- [AIM OF THE TASK]: Copy nothing but the lines below running from the line containing "an annual disposable" through the line containing "UE Developer", both end lines included.

- [LISTED RECORDS]:

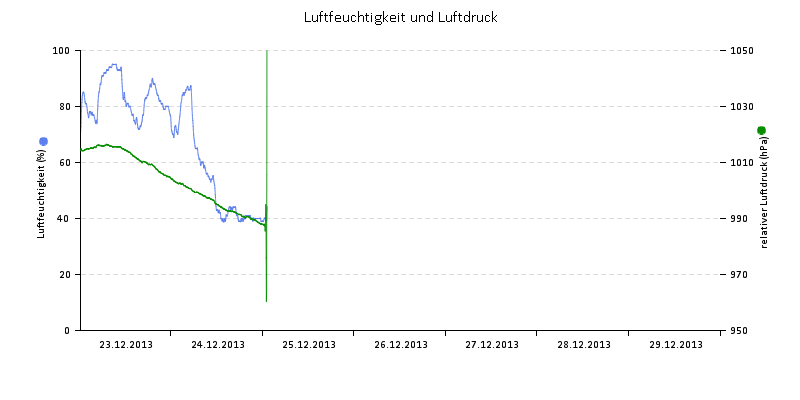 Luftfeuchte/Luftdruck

--

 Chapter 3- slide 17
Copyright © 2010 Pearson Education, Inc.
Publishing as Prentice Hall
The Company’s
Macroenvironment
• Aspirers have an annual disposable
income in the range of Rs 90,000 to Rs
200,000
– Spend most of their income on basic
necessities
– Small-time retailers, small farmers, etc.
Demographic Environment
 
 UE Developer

- [PROBLEM SOLUTION]:
• Aspirers have an annual disposable
income in the range of Rs 90,000 to Rs
200,000
– Spend most of their income on basic
necessities
– Small-time retailers, small farmers, etc.
Demographic Environment
 
 UE Developer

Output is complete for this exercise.